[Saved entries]
========================================================================

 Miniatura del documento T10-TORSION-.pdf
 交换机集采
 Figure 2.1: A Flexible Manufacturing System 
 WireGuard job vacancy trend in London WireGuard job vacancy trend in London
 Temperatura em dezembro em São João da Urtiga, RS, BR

========================================================================

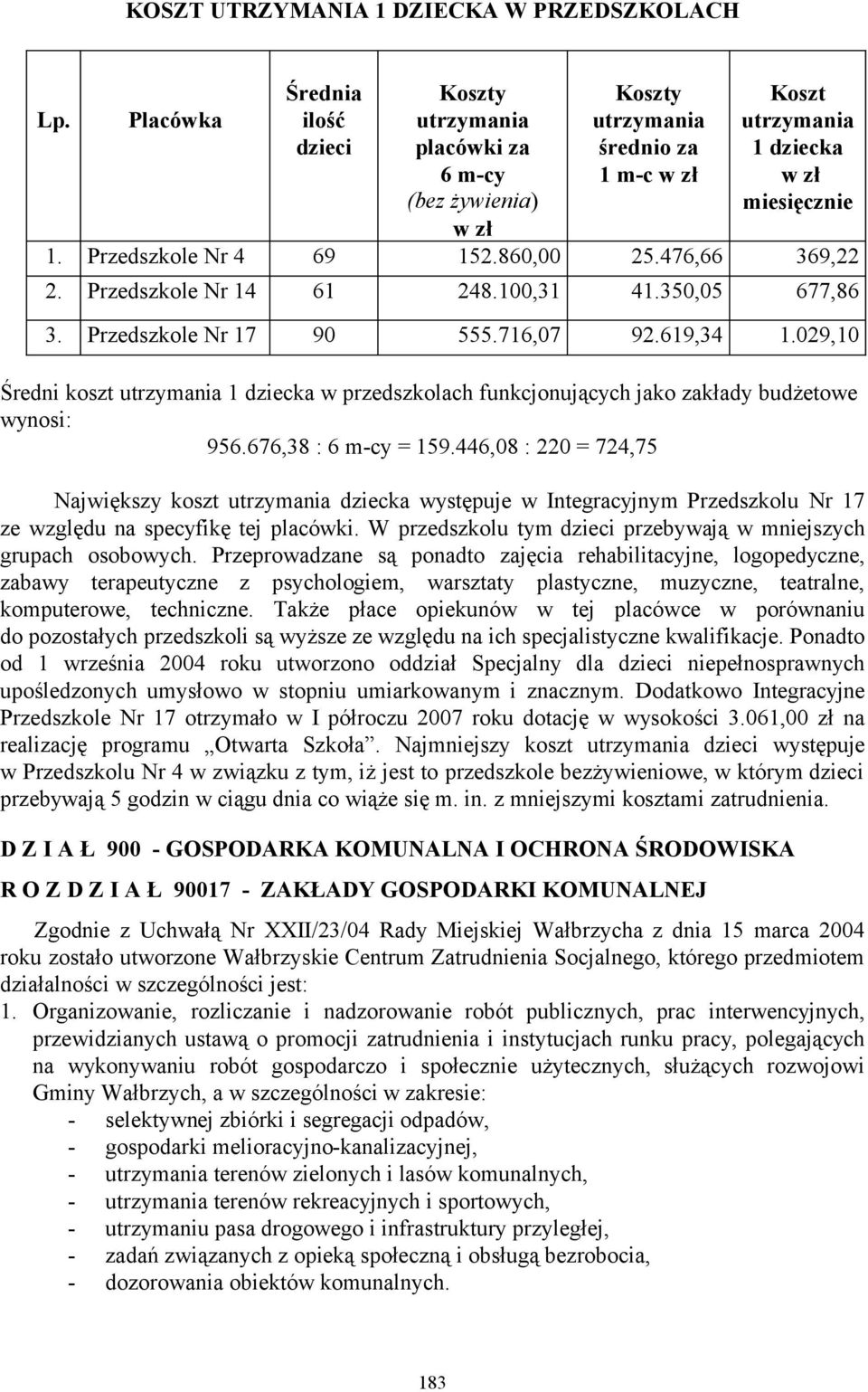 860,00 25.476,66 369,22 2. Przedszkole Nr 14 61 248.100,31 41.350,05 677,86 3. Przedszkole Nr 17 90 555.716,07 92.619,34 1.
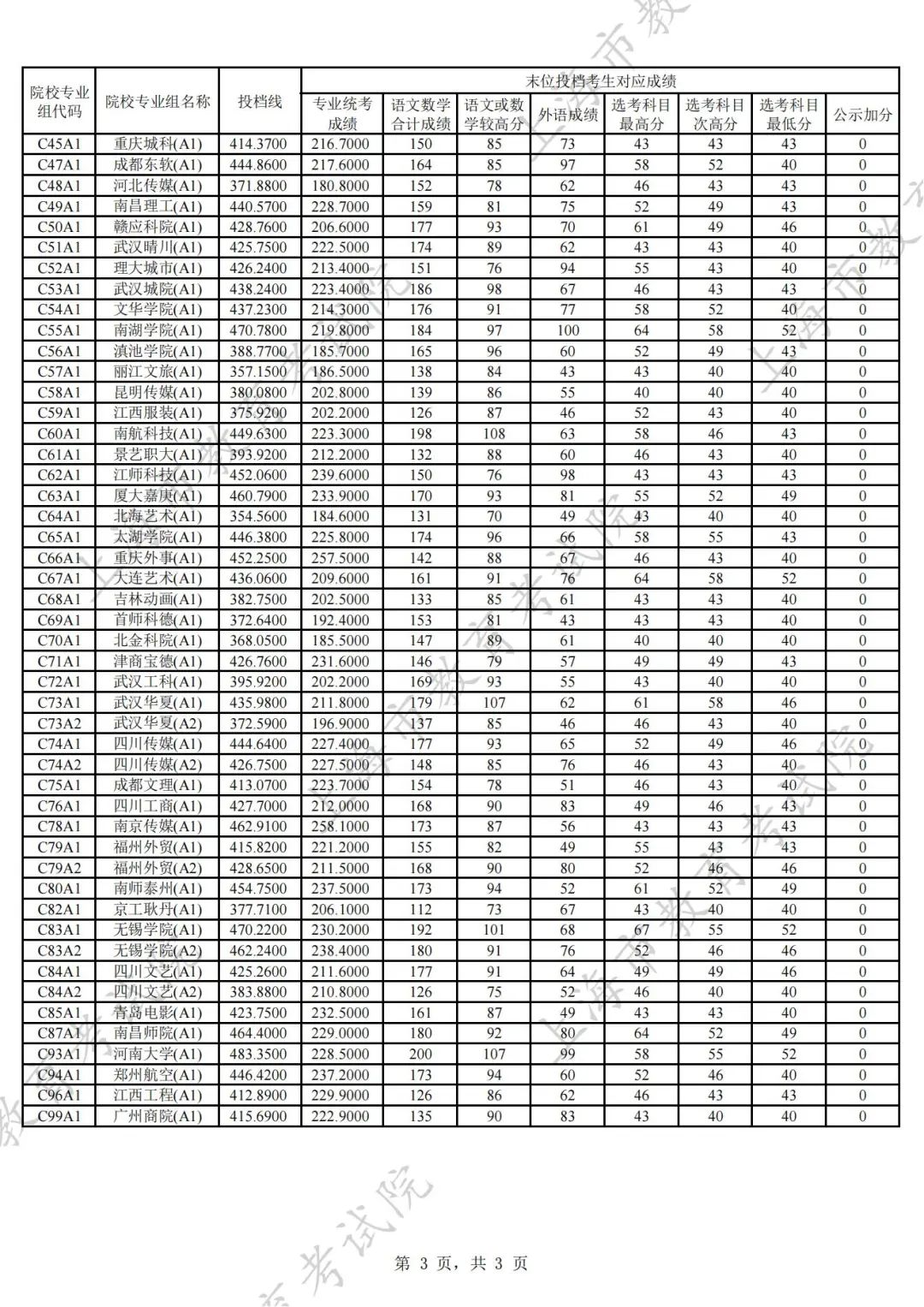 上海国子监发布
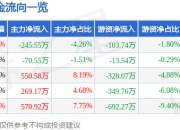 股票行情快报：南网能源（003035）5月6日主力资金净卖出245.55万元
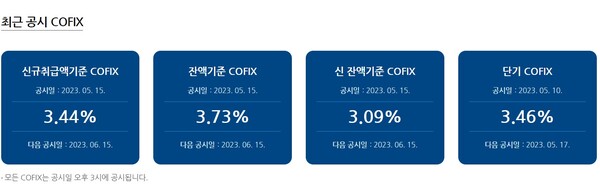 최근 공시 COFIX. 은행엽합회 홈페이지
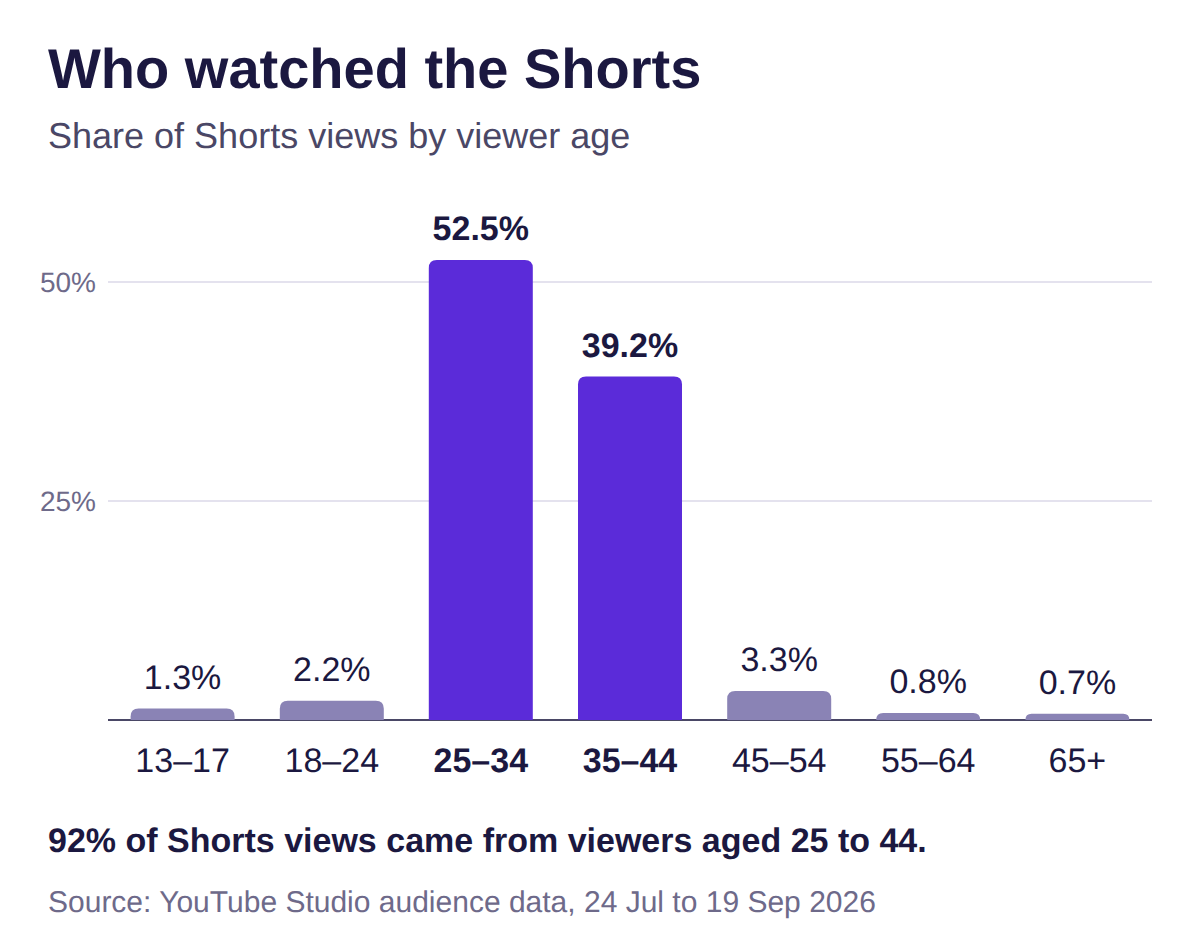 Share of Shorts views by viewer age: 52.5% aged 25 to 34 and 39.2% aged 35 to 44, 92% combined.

========================================================================

Task objective: Looking above, find the stretch of lines that opens with the one holding "860,00 25.476,66 369,22" and closes with the one holding "Share of Shorts". Copy it exactly, pictures excluded.

Solution for this exercise:
 860,00 25.476,66 369,22 2. Przedszkole Nr 14 61 248.100,31 41.350,05 677,86 3. Przedszkole Nr 17 90 555.716,07 92.619,34 1.
 上海国子监发布
 股票行情快报：南网能源（003035）5月6日主力资金净卖出245.55万元
 최근 공시 COFIX. 은행엽합회 홈페이지
 Share of Shorts views by viewer age: 52.5% aged 25 to 34 and 39.2% aged 35 to 44, 92% combined.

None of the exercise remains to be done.